Et les faits me donnent raison, bien plus tôt que je ne pensais. Cet été-là, il se produit deux événements qui vont tout changer.
D’abord, en mai, je reçois un mot de Labori me priant de me rendre de toute urgence à son appartement de la rue de Bourgogne, non loin du ministère de la Guerre. J’arrive dans l’heure et trouve là-bas un jeune homme nerveux de vingt et un ans, visiblement venu de province, qui attend au salon. Labori me le présente comme étant Christian Esterhazy.
— Ah, dis-je en lui serrant la main, non sans une certaine méfiance, voici un nom tristement célèbre.
— Vous voulez parler de mon cousin ? réplique-t-il. Oui, c’est grâce à lui, et l’on n’a jamais vu pareille ordure !
Il est si véhément que je suis interloqué.
— Asseyez-vous, Picquart, me conseille Labori, et écoutez ce que M. Esterhazy a à nous dire. Vous ne serez pas déçu.
Marguerite nous apporte du thé, puis nous laisse.
— Mon père est mort voici dix-huit mois, commence Christian, chez nous, à Bordeaux, de façon soudaine. La semaine suivant son décès, j’ai reçu une lettre de condoléances d’un homme que je n’avais jamais rencontré : un cousin de mon père, le commandant Walsin Esterhazy, qui m’exprimait toute sa sympathie et demandait s’il pouvait nous aider de quelque façon que ce fût en matière de conseil financier.
J’échange un regard avec Labori, qui n’échappe pas à Christian.

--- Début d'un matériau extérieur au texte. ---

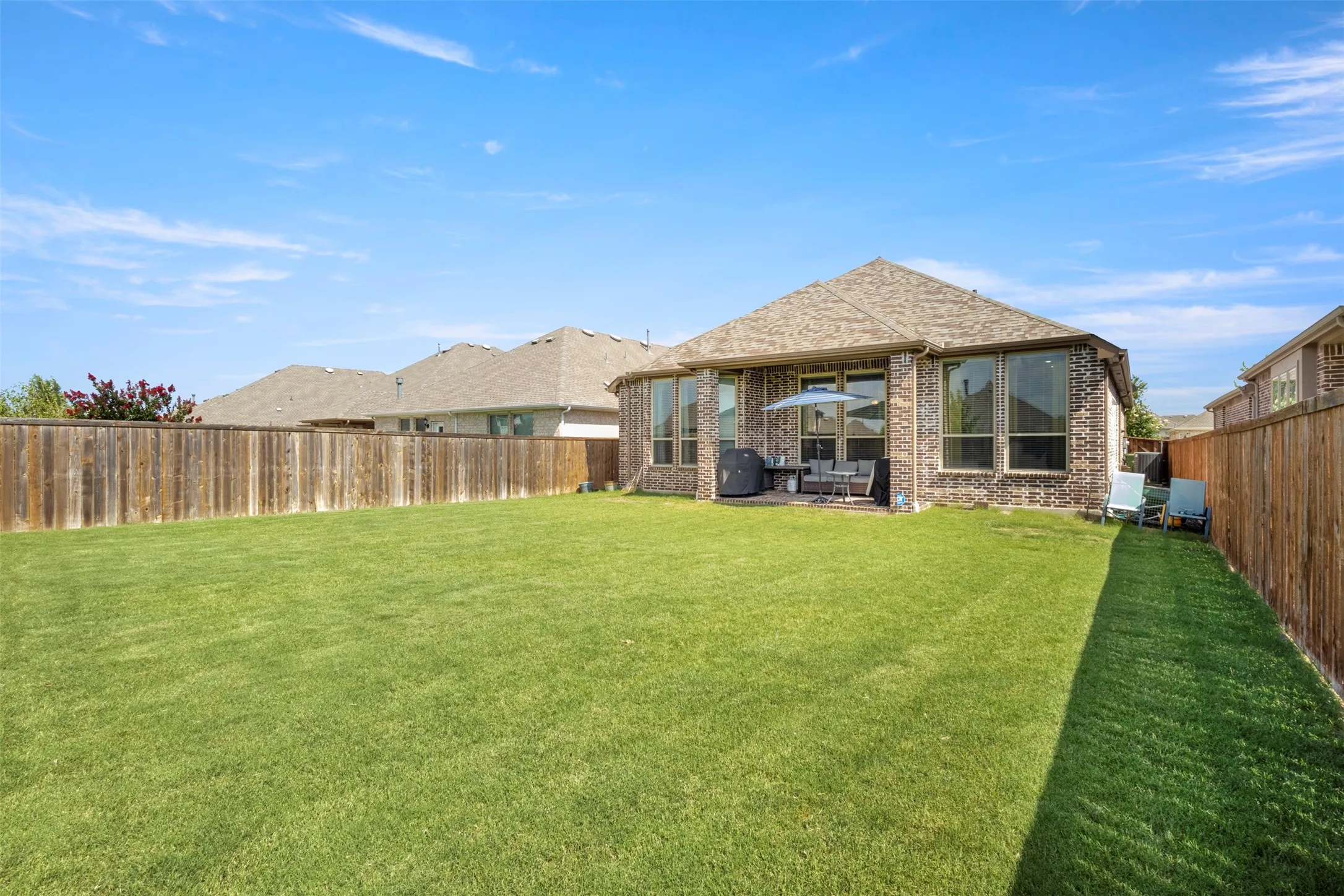 Rear view of property featuring brick siding, a fenced backyard, and a patio area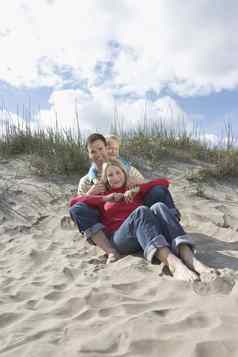父母女儿拥抱海滩肖像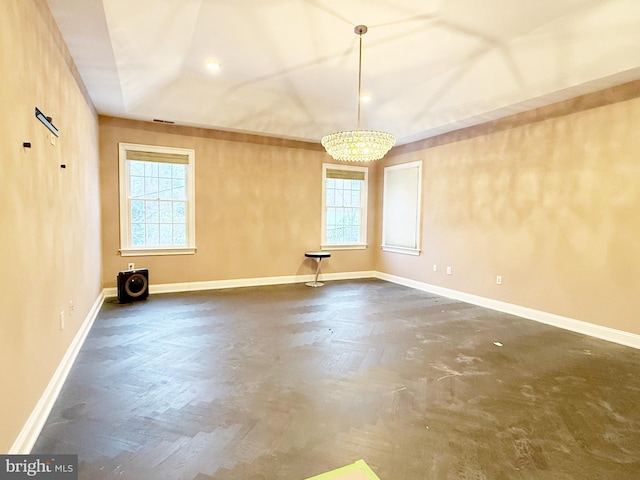 unfurnished room with visible vents, an inviting chandelier, a wealth of natural light, and baseboards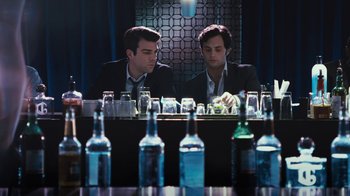 Movie still from “Margin Call” (2011), directed by J.C. Chandor – A couple of men sitting in front of some bottles; Medium shot, Over the shoulder angle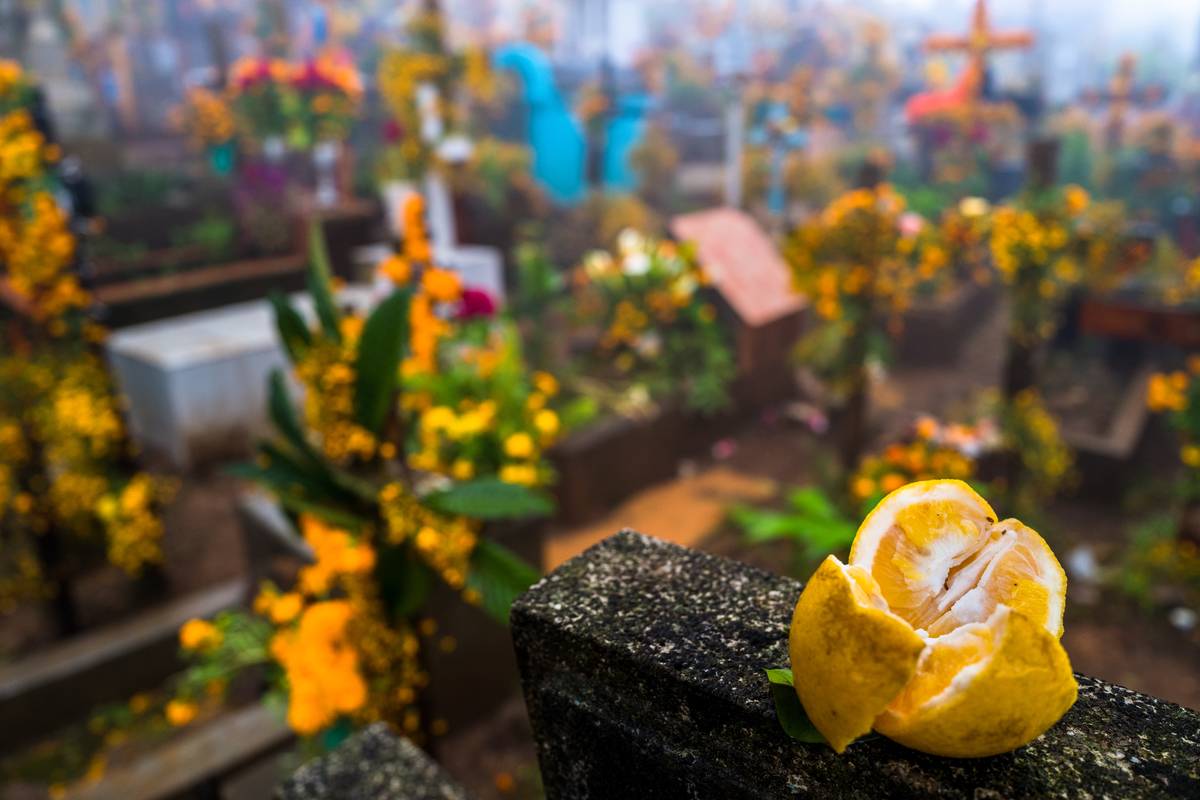 A lemon was placed on top of a headstone in a cemetery during the Day of the Dead.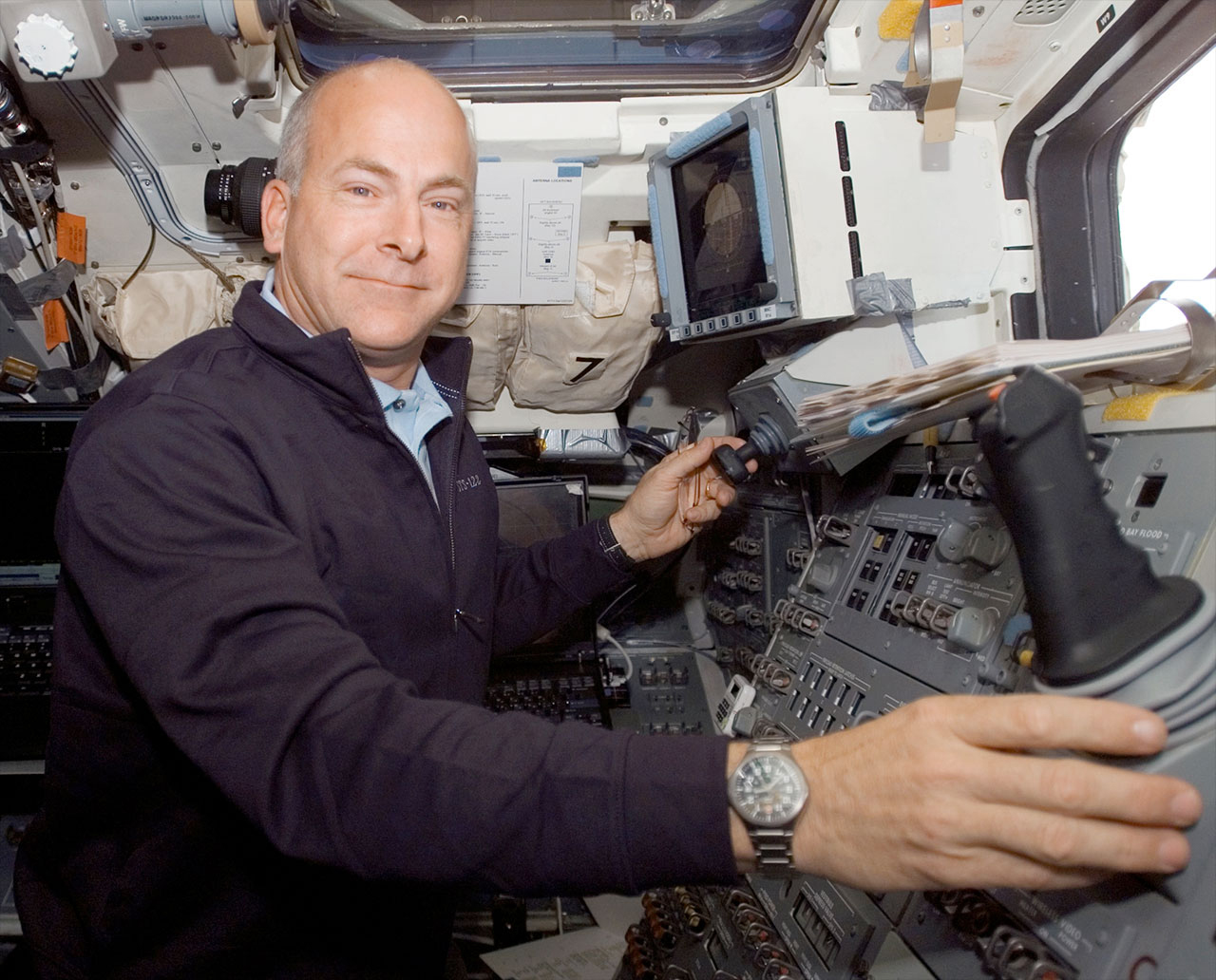 Astronaut Alan Poindexter works on the aft flight deck of space shuttle Atlantis during his first spaceflight in 2008.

— Je vois, monsieur Picquart, que vous vous doutez de ce qui va suivre ! Mais je vous en prie, gardez à l’esprit que je n’avais aucune expérience de ces questions, et que ma mère est une femme très naïve et religieuse — deux de mes sœurs sont dans les ordres. Pour vous raconter les choses en deux mots, j’ai répondu à mon aimable parent que j’avais un héritage de cinq mille francs et que ma mère en toucherait cent soixante-dix mille par la vente de propriétés — je serais donc très heureux de recevoir son conseil pour m’assurer que ces sommes seraient judicieusement investies. Le commandant m’a répondu, me proposant d’intercéder auprès de son bon ami Edmond de Rothschild, et naturellement, nous avons pensé : « Comment trouver placement plus sûr ? »
Il boit son thé et rassemble ses pensées avant de continuer.
— Pendant quelques mois, tout s’est bien passé, et nous recevions régulièrement des lettres du commandant ainsi que des chèques qui correspondaient, disait-il, aux dividendes de l’argent que les Rothschild avaient investi pour notre compte. Et puis, à la fin du mois de novembre, il m’a écrit pour m’enjoindre de venir à Paris de toute urgence. Il disait qu’il avait des ennuis et avait besoin de mon aide. Naturellement, je suis monté tout de suite. Je l’ai trouvé dans un état d’inquiétude épouvantable. Il m’a appris qu’il était sur le point d’être accusé publiquement d’être un traître, mais que je ne devais surtout pas croire à ces fables. Ce n’était qu’une machination des Juifs pour essayer de lui faire prendre la place de Dreyfus, et il pourrait le prouver parce qu’il avait l’aide d’officiers des bureaux de la Guerre. Il a ajouté qu’il devenait trop dangereux pour lui de rencontrer sa principale relation, et m’a demandé de la voir de sa part pour transmettre des messages.